The corruption scandals of the Khalida government are sprouting out everywhere like mushrooms. During her rule, Khalida was said to have received three million US dollars in one transaction of purchase of two airbuses. This has followed a plethora of scandals. If the courts decide against her in the corruption cases, Khalida will not be able to contest in the next elections Article 65 of Bangladesh Constitution has reserved 15 seats for women in the legislature. But these 15 seats also are not filled. In Bangladesh a popular demand is rising for increase in the women's share in the country's ruling power. In comparison to Pakistan and India, Bangladesh has made better performance in the field of family planning. In Bangladesh religious prejudices are not allowed to come in the working of the small family norm as it is the urgent national requirement. Bangladesh has reduced its birth rate by 3. Hasina Wajed has opened 13,000 schools for girls, in a single record move.

The Muslim leaders even before Partition had a plan of turning Assam into a Muslim majority province. Therefore the infiltration of Bangladeshis into India has a pre-Partition history and today this happens to be the core issue between the two neighbours. The then Muslim leader Moluddin Chowdhary had told M.A. Jinnah, "Please do not worry about Assam. Very soon we shall present Assam to you decked on a silver salver." This came very near to completion when the population of Muslims grew by leaps and bounds. Similar is the fate or West Bengal. In eight districts or West Bengal on Indo-Bangla border the population increased by 30 per cent in ten years between 1971 and 1981, while in other districts the increase was less than 20 per cent. The number of infiltrators in the decade 1961-71 was 17,29,310 which in the decade 1971-81 was 5,59,000. Later it was discovered that over 6 lakh Bangladeshis had entered Bengal during this period. Thus the influx was 11,59,000. But this usual is the most conservative estimate. The popular experience in Bengal and Assam, the State bearing the front of infiltration is that the figure should be many times more.

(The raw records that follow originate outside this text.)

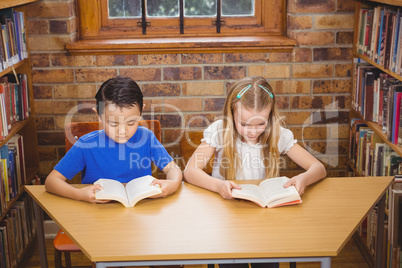 Students reading books while sitting down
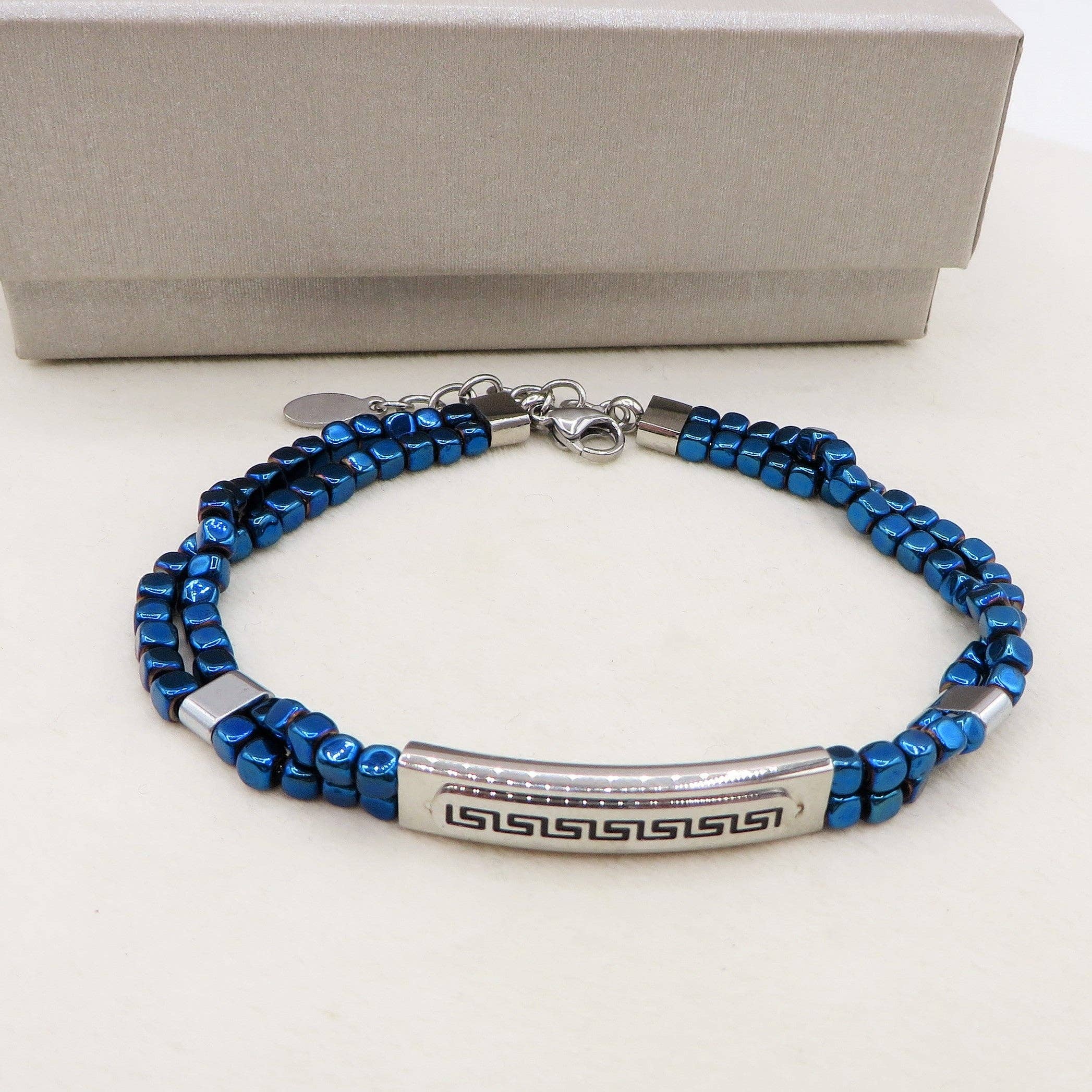 ARES Bracciale uomo  Targhetta con greche e cubetti in ematite BLU  -  ACCIAIO INOSSIDABILE for wholesale on Faire3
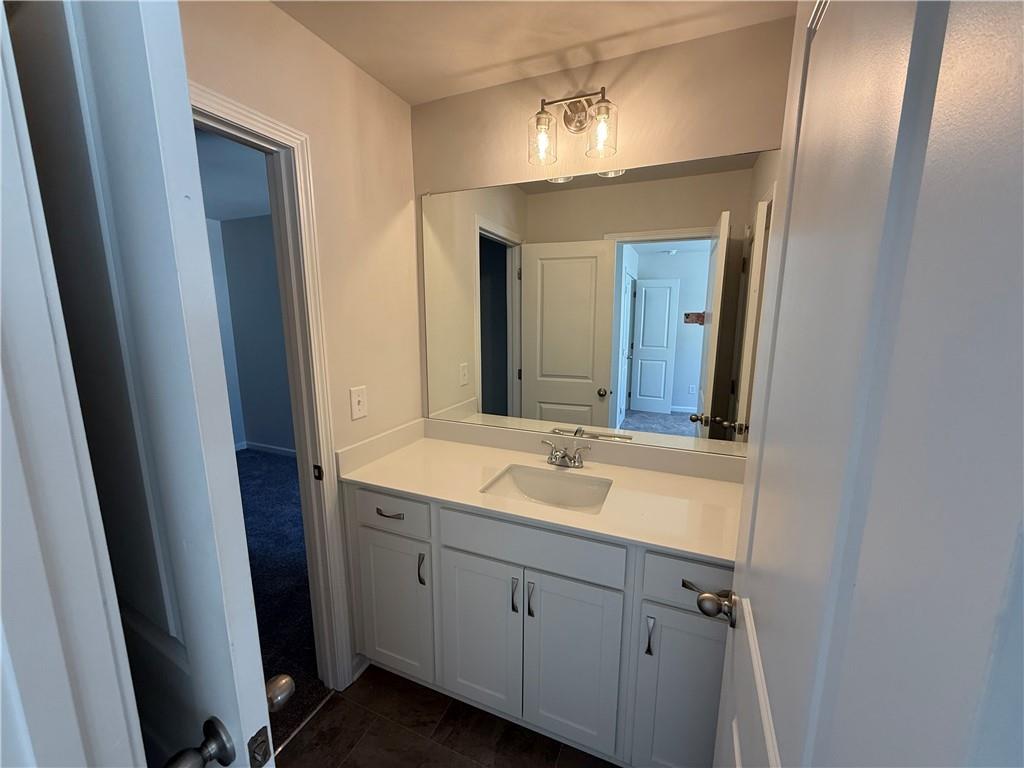 5139 Longview Run Decatur, GA 30035 - Photo 8 of 16 a bathroom with a double vanity sink and a mirror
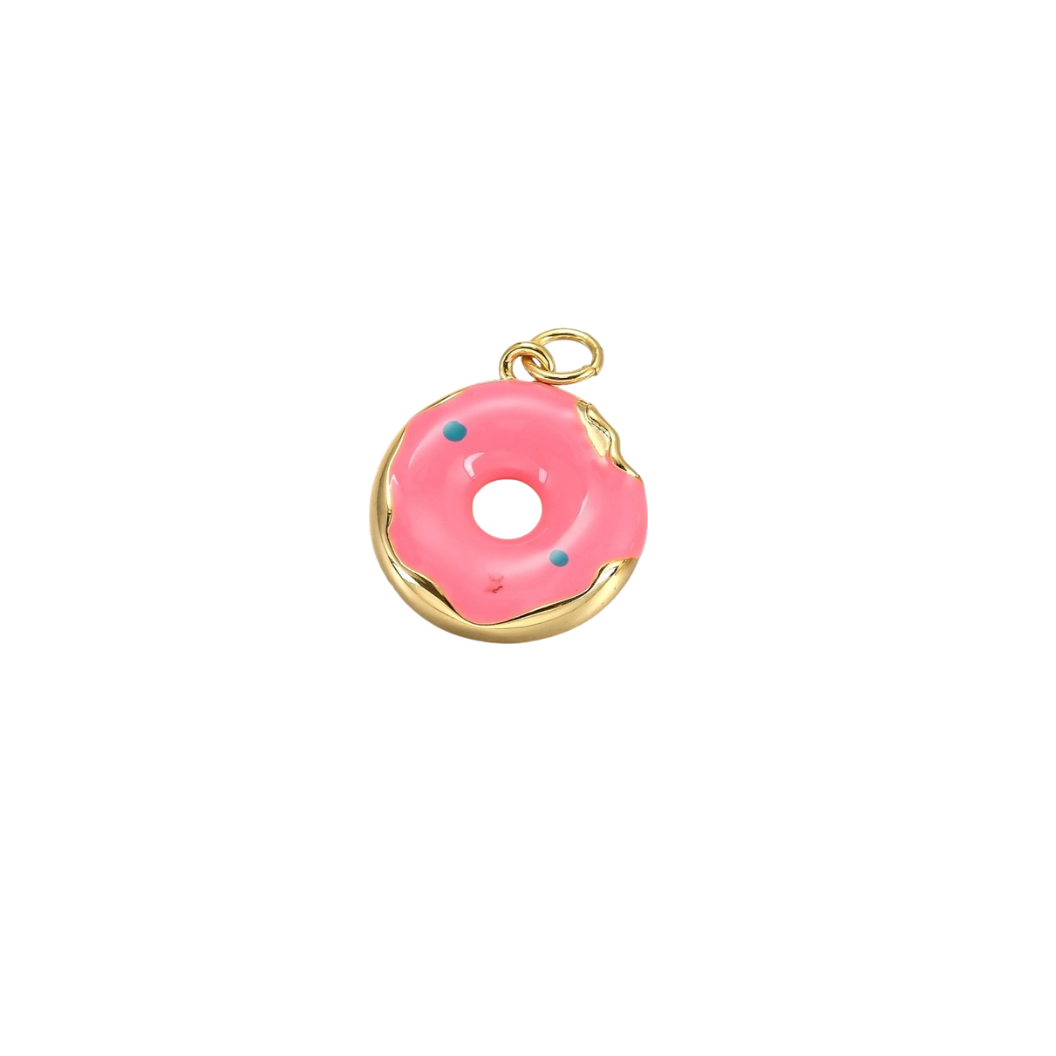Pink donut charm with gold border on a white background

The Bangladesh Government itself has accepted the figure of legal immigrants from that country during this period to be four lakh. The total figure of infiltrators to date has been in the vicinity of a crore and a half. Over fifty per cent of these have burrowed into the East Indian States. This is more owing to the Indian government's negligence than owing to the immigrants' cunning. These Bangladeshis are regularized as voters by surreptitiously giving them ration cards and they in turn execute the quid pro quo by voting en masse for their political sponsors. In the Mumbai metropolis, there is a constituency that has such a bulk of illegal immigrants that they can make or mar any candidate's prospects. India is in good terms with many Gulf countries that are also 'victims' of these Bangladeshi infiltrators. These countries in the Middle East carry out annually a campaign to drive out these infiltrators. But in India the coreligionists of the infiltrators help them in every way from sheltering to introducing as voters.

Thus the members of the minority aid and abet these infiltrators' political crimes. If these members of the minority refrain from acting as accomplices in the Bangladeshi infiltration the acute problem of Bangladeshi infiltration could be solved and thus the main bone of contention between the two countries would vanish and the two neighbours would become friends. Bangladesh has become an eyesore for many orthodox, if not fanatic, Islamic nations for its progressive, liberal and secular outlook. Therefore in order to maintain and spread the environment of true secularism and liberalism it becomes the urgent duty of India and other progressive nations to help Bangladesh in every way to proceed on its path of progress.